## PROBLEM TO SOLVE
Go to the line holding "2025 Land Rover Discovery Sport" in the entries below and write out exactly every line down to and including the line holding "WIN, LOSE OR".

## TASK MATERIAL
= = = = =

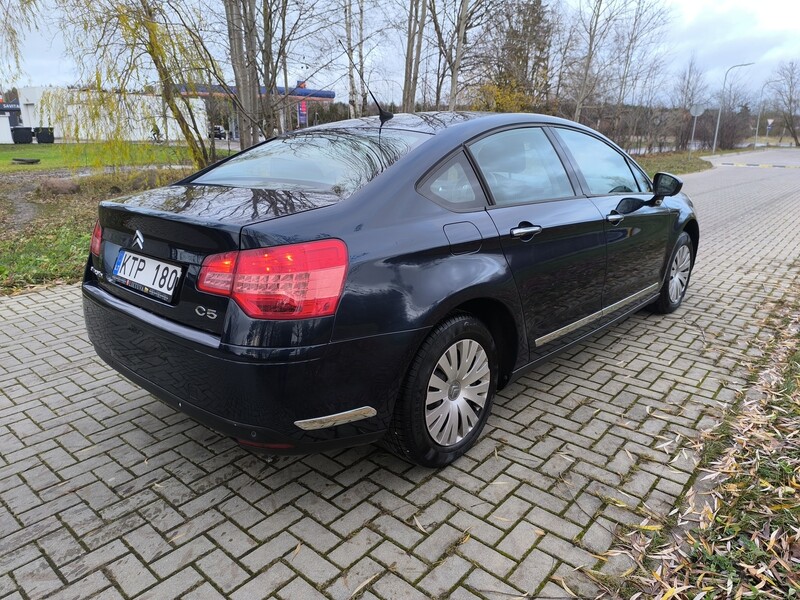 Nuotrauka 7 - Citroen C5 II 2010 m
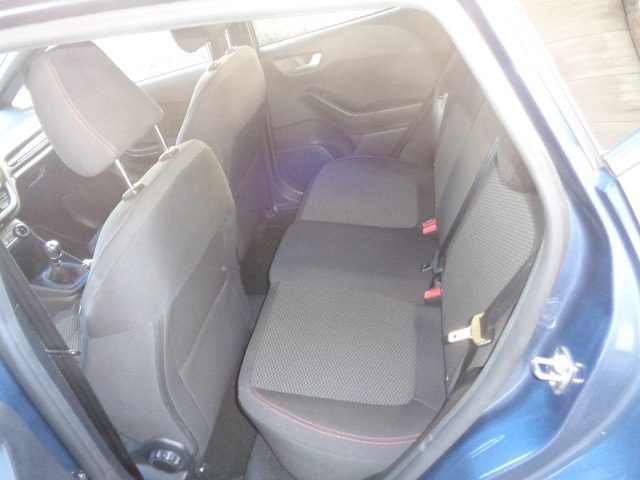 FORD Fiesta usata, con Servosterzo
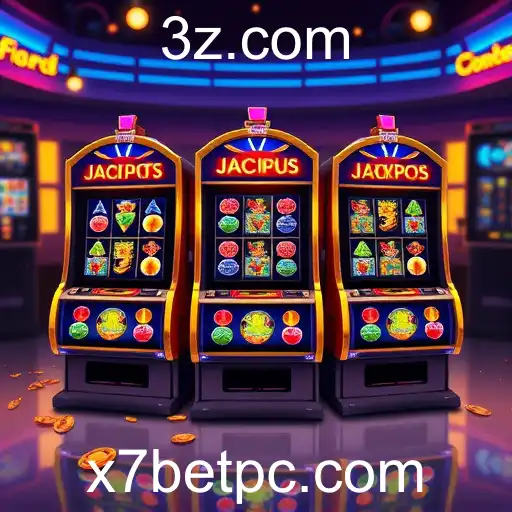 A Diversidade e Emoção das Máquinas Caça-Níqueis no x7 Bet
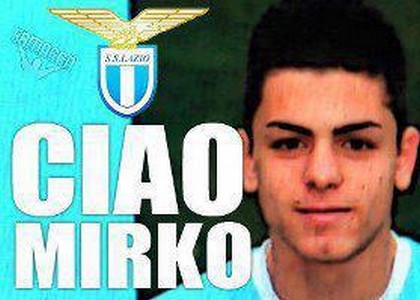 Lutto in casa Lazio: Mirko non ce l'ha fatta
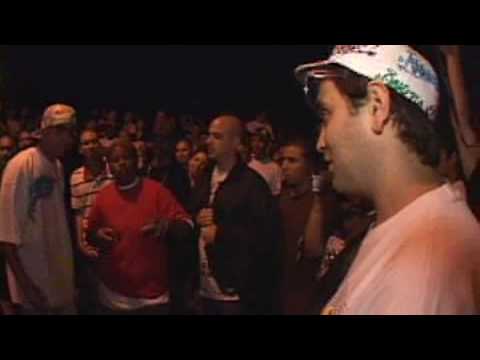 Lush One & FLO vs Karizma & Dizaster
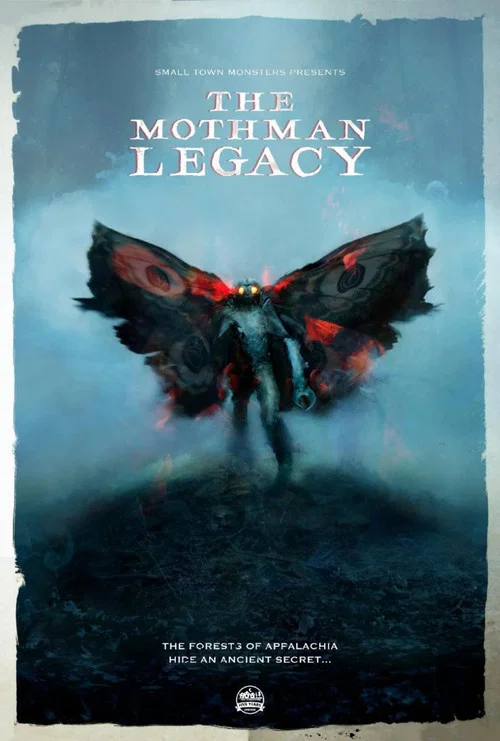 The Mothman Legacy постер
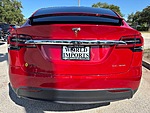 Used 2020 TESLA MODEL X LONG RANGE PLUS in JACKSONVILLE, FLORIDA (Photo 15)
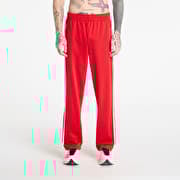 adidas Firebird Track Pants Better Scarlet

= = = = =

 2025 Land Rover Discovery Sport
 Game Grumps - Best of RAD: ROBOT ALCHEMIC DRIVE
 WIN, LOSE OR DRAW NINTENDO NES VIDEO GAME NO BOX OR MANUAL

= = = = =

## OUTPUT FOR THIS EXERCISE
 2025 Land Rover Discovery Sport
 Game Grumps - Best of RAD: ROBOT ALCHEMIC DRIVE
 WIN, LOSE OR DRAW NINTENDO NES VIDEO GAME NO BOX OR MANUAL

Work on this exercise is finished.